Give back each line of the data exactly as it reads, minus the pictures.
[Data excerpt]
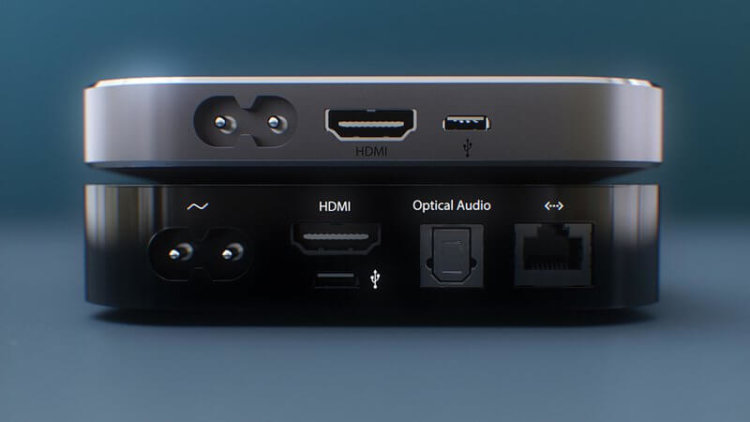 Новая Apple TV будет представлена в сентябре. Новая Apple TV будет представлена в сентябре. Фото.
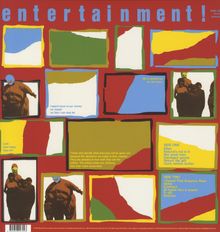 Gang Of Four: Entertainment, LP
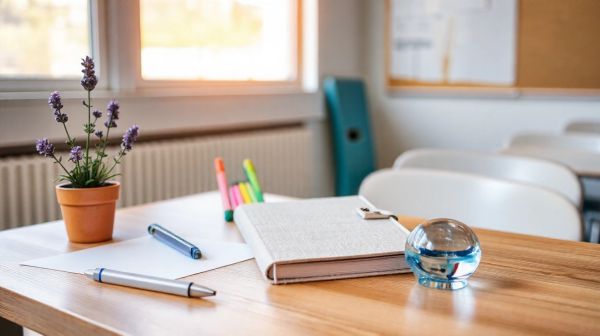 Top 5 objets anti-stress pour améliorer la concentration en classe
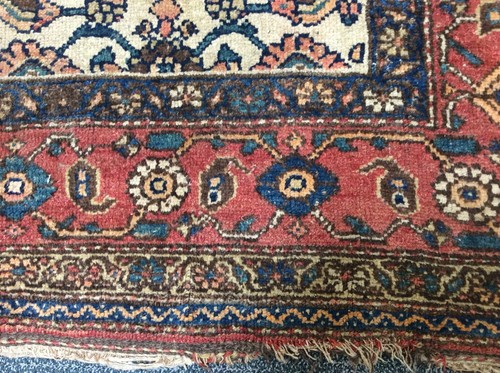 Antique kurdish tribal persian - antique,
[/Data excerpt]
Written solution ▸
 Новая Apple TV будет представлена в сентябре. Новая Apple TV будет представлена в сентябре. Фото.
 Gang Of Four: Entertainment, LP
 Top 5 objets anti-stress pour améliorer la concentration en classe
 Antique kurdish tribal persian - antique,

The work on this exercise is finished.